### EXERCISE BRIEF
Transcribe each line below verbatim; pictures excluded.

INFORMATION SHOWN Block Start

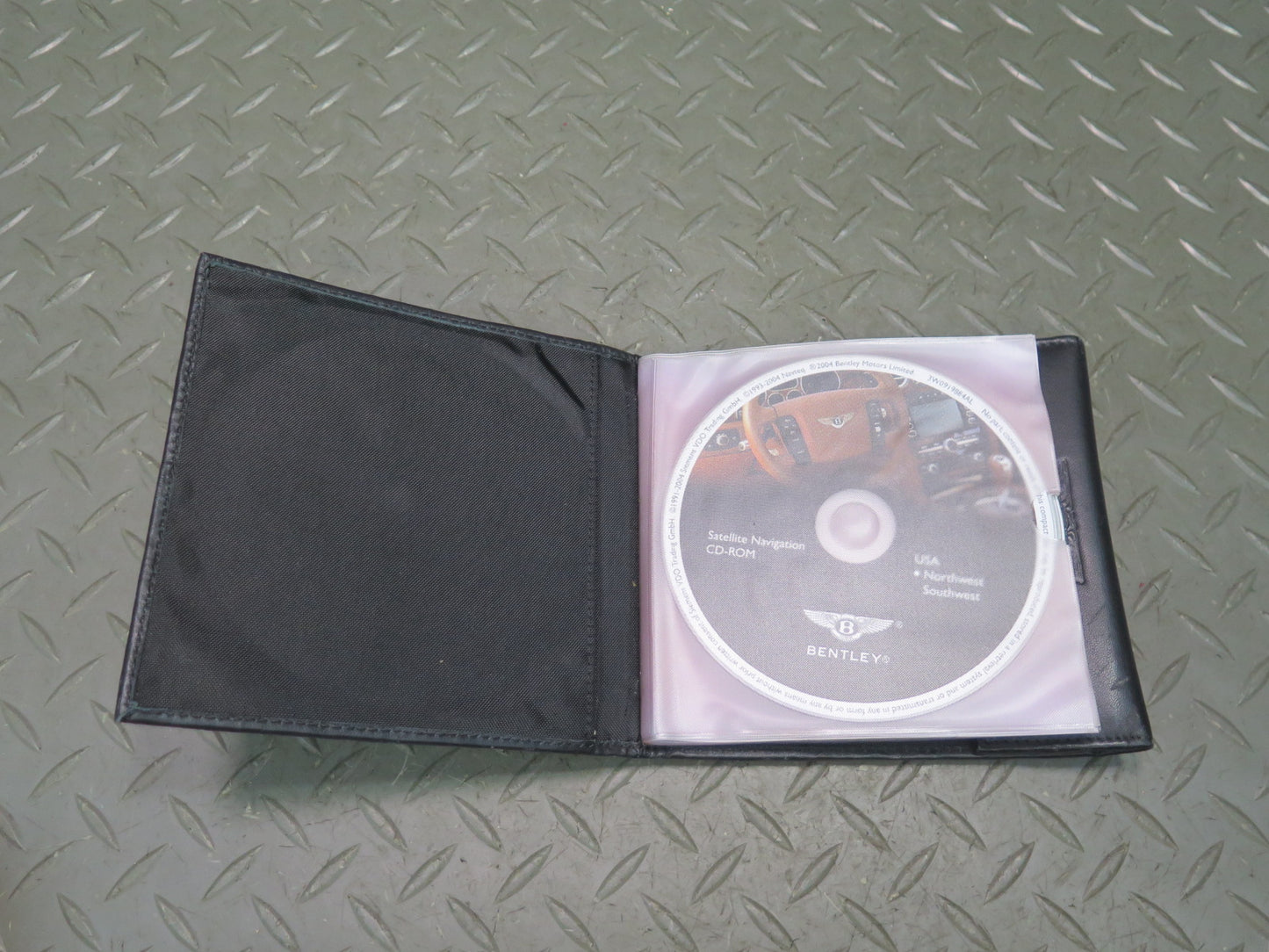 2006 Bentley Flying Spur Owners Operator Book Manual Guide W/ Case Set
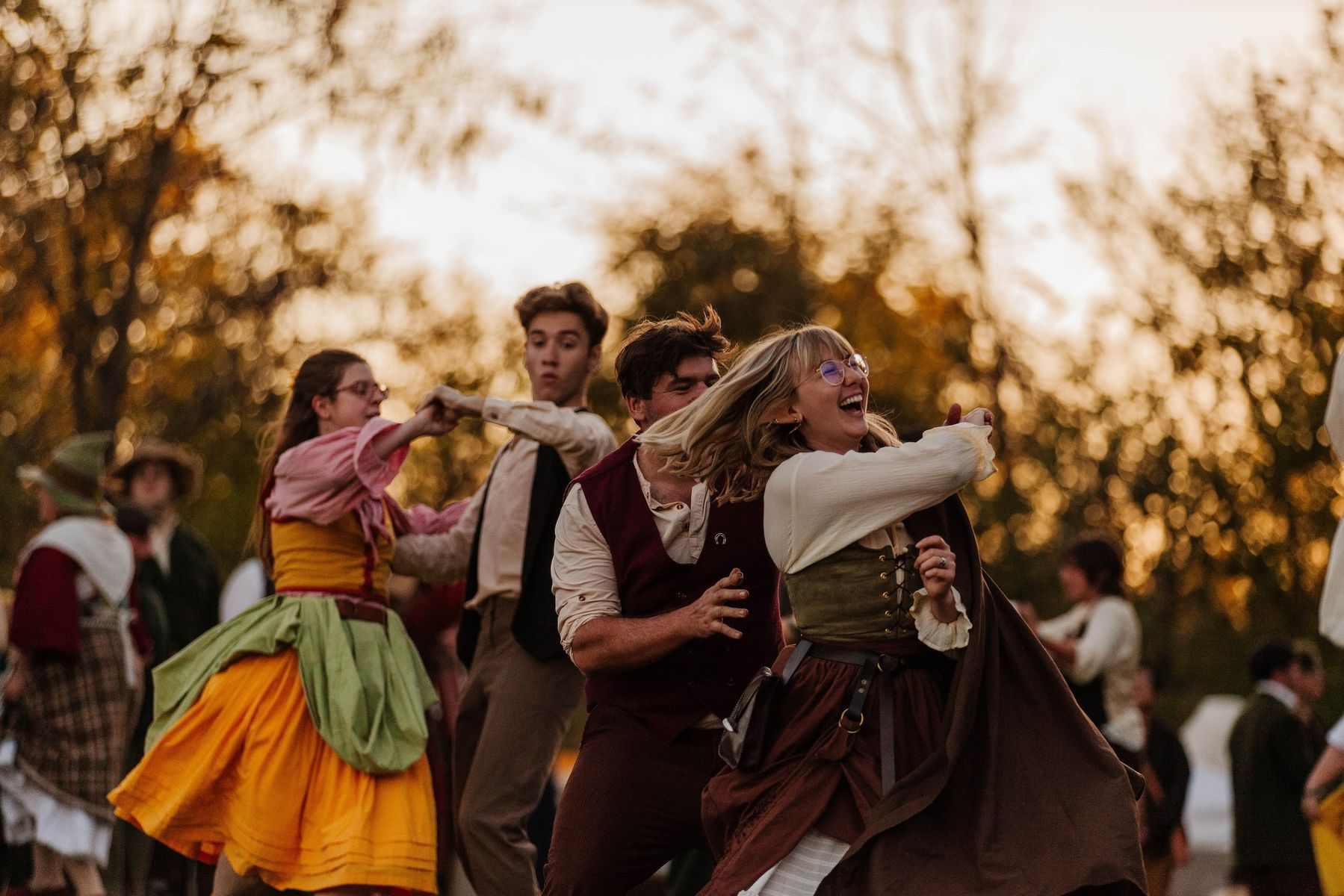 The event includes workshops on hobbit dancing, cooking, weaving and fibre arts (1).jpg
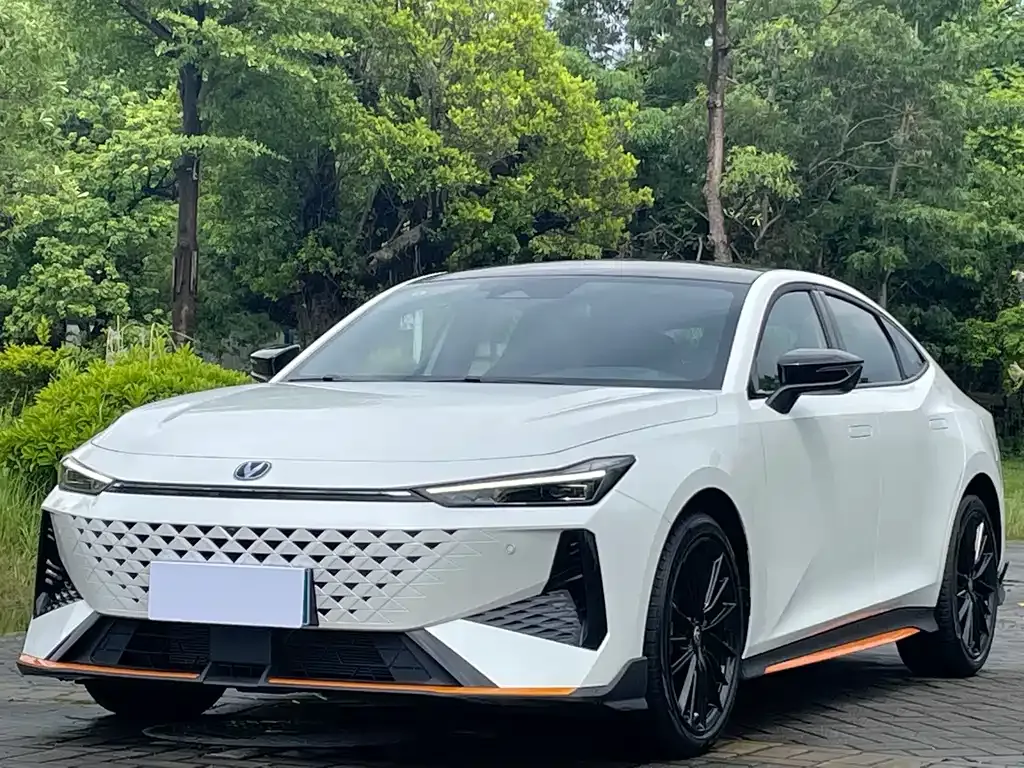 Changan UNI-V 2024 из CN, фото 1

INFORMATION SHOWN Block End

### RESPONSE BELOW
 2006 Bentley Flying Spur Owners Operator Book Manual Guide W/ Case Set
 The event includes workshops on hobbit dancing, cooking, weaving and fibre arts (1).jpg
 Changan UNI-V 2024 из CN, фото 1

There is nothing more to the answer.